In 1969, he filed a writ petition in the Andhra Pradesh
High Court praying that the order of suspension passed
against him be quashed as it was passed on false allegations
and at the instance of Mr. K. Brahmanand Reddy who was
then Chief Minister of the State. The writ petition was
64
admitted by the High Court and an interim order staying all
further proceedings in departmental enquiry was passed.
When the writ came up for hearing, the State Government
represented to the High Court that, it had decided to withdraw
order of suspension and reinstate Mr. Reddy. The State
Government withdrew the order of suspension and directed
that the period of suspension be treated as on duty.
Thereafter, on application being filed by Mr. Reddy, the writ
petition was dismissed as withdrawn. Because of these
developments the departmental proceedings against him were
dropped and he was given Selection Grade, which was
withheld because of the suspension order. By an order dated
April 28, 1971, he was promoted to the rank of Deputy
Inspector General of Police. During the course of the
departmental enquiry an entry to the effect that "he had
concocted a case of attempt to rape against one Mr. Venugopal
Reddy to please the then Inspector General of Police Mr.

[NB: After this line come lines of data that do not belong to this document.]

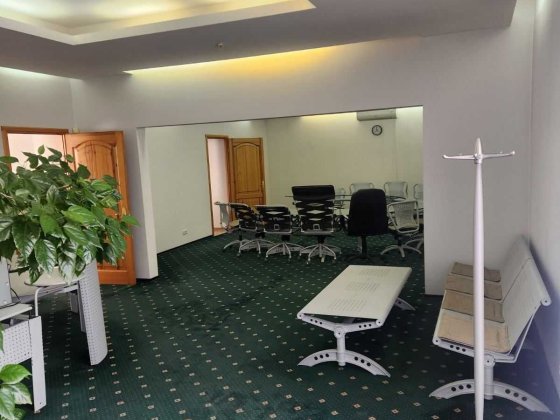 Аренда 129 м2 конференц-зал !Центр Александровского р-на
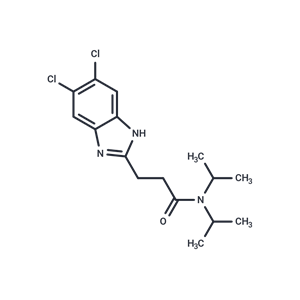 化合物 MSU-43085|T86933|TargetMol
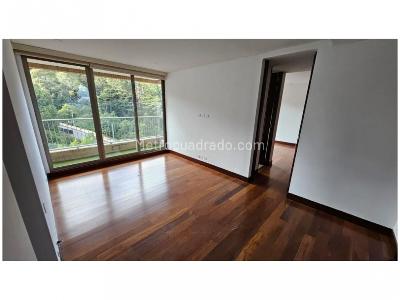 Apartamento en venta en Cerros De Suba, Bogotá · foto 9 de 16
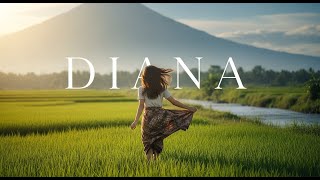 Download Lagu Koes Plus - DIANA | COVER MP3 Download Lagu Koes Plus - DIANA | COVER MP3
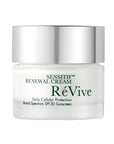 Sensitif Renewal Cream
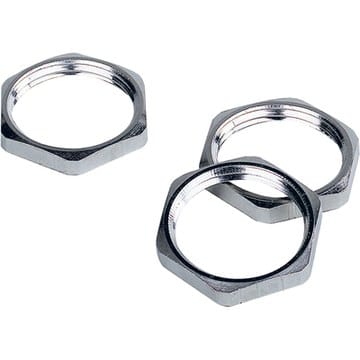 LAPP ITALIA SRL - LPP52103073 SKINDICHT SM-M110X2 LOCKNUT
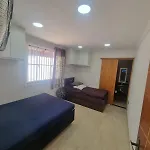 Casarao Caminho De Buzios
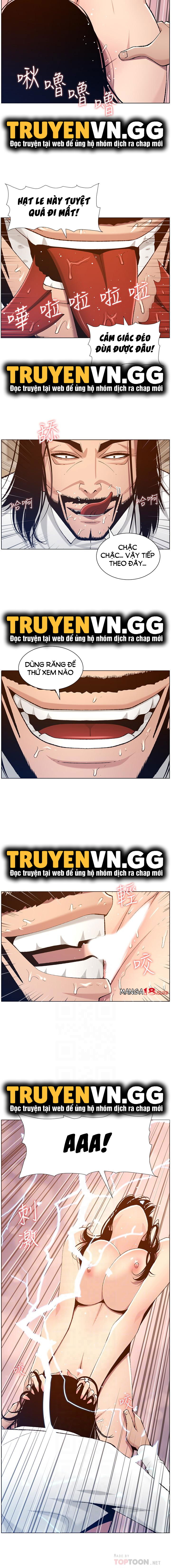 cha-duong-chap-103-11 integer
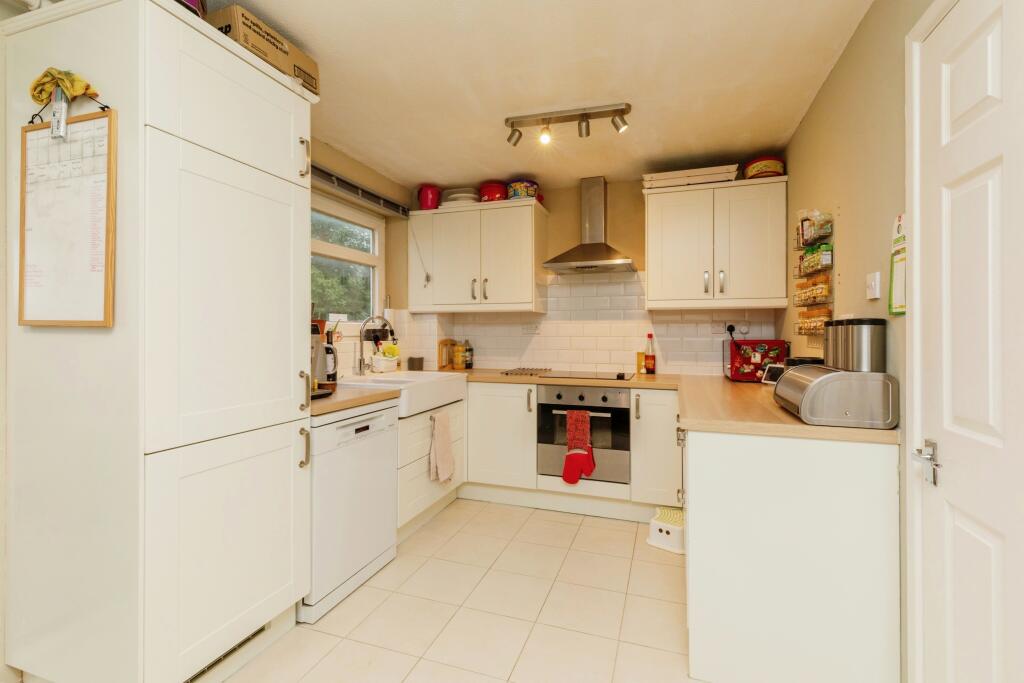 Additional image 2 of Sandringham Road, Bristol, BS34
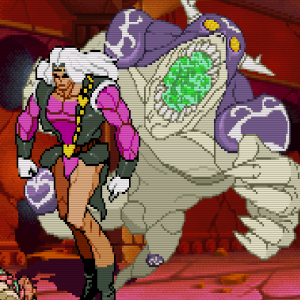 Zzzzz 1733684203capturadepantalla416562 — Kuro's fighting game characters he tried (and final bosses) option 173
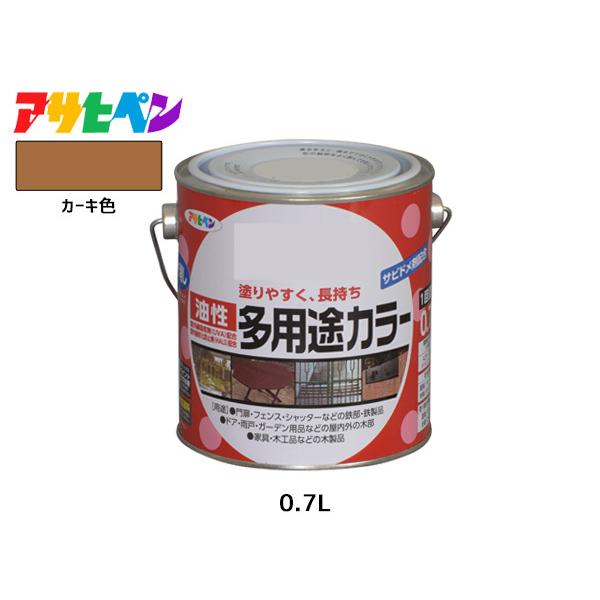 ATqy prJ[ 0.7L J[L[ h yL O c 1h Tr~ Si ؐi ϋv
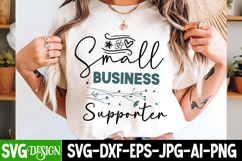 Small Business,Small Business Svg Design,Small Business PNG 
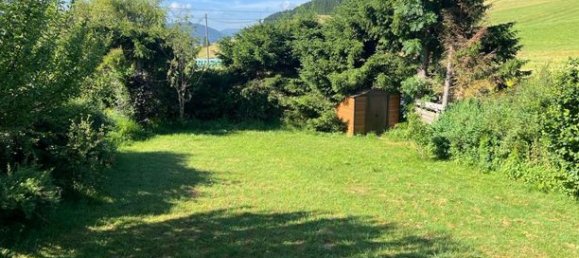 3 Schlafzimmer Haus in Isere, France, Nr. 284918 17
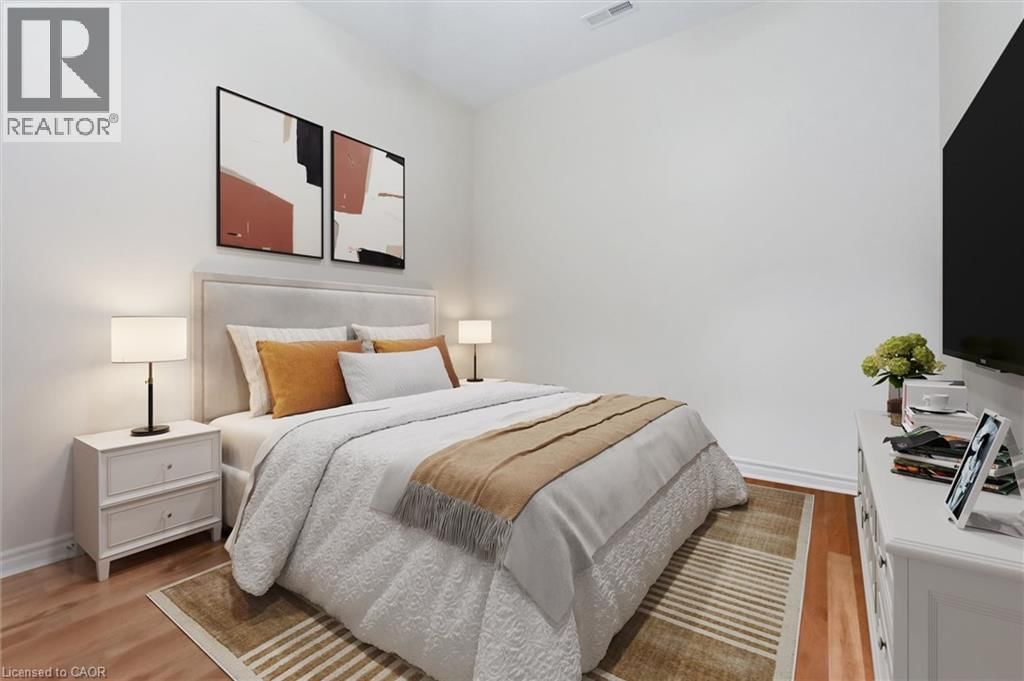 104 - 478 ST ANDREW STREET EAST Image 34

Nambiar and there was a strong suspicion about his integrity"
was made in his A.C.R. He made a representation to expunge
the entry. The Government decided that as statements were
65
factual, it would be sufficient if entry was made to the effect
that the suspension was subsequently lifted and the period
was treated as on duty and that further action was not
necessary as there were no good grounds to hold him guity of
any of the charges leveled against him.
However, on August 7, 1975, a Review Committee
consisting of the Chief Secretary, Home Secretary and
Inspector General of Police considered various cases of police
officers including that of Mr. Reddy and made
recommendations. On September 11, 1975, the Government
of India, after considering report of the Review Committee,
ordered compulsory retirement of Mr. Reddy in public interest.

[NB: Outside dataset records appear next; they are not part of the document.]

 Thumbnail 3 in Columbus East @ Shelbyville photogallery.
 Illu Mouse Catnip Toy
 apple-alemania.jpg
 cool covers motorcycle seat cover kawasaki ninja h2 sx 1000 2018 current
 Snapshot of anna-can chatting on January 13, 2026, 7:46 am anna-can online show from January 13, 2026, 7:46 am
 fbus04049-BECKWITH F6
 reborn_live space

Thereupon Mr. Reddy filed writ petition in the Andhra
Pradesh High Court. The Single Judge allowed the petition
and quashed order of compulsory retirement. That decision
was upheld by the Division Bench of the High Court, in appeal
filed by State of Andhra Pradesh and Union of India.
Therefore, the two appeals by certificate were filed before this
Court.
66
It was argued before this Court on behalf of Mr. Reddy
that the order impugned was passed on materials which were
not existent inasmuch as there were no adverse remarks
against Mr. Reddy who had a spotless career throughout and
if such remarks had been made in his confidential reports,
they would have been communicated to him under the rules.
This contention was negatived in following terms: -
"Here we might mention that the appellants were
fair and candid enough to place the entire
confidential personal file of Reddy before us starting
from the date he joined the Police Service and after
perusing the same we are unable to agree with Mr.
Krishnamurty Iyer that the officer had a spotless
career. The assessment made by his superior
officers from the very beginning of his service until
the impugned order was passed show that at the
best Reddy was merely an average officer and that
the reports show that he was found to be sometimes
tactless, impolite, impersonated, suffered from other
infirmities, though not all of them were of a very
serious nature so as to amount to an adverse entry
which may be communicated to him. We might also
mention that before passing an order under Rule
16(3) it is not an entry here or an entry there which
has to be taken into consideration by the
Government but the overall picture of the officer
during the long years of his service that he puts in
has to be considered from the point of view of
achieving higher standard of efficiency and
dedication so as to be retained even after the officer
has put in the requisite number of years of service.
67
Even in the last entry which was sought to be
expunged through a representation made by Reddy
and other entries made before that it appears that
the integrity of Reddy was not above board."
While allowing the appeals of the Union of India and State of
Andhra Pradesh, this Court has emphasized the importance of
adverse entry. After referring to observations made by this
Court in para 27 of the decision in the case of Sate of U.P. vs.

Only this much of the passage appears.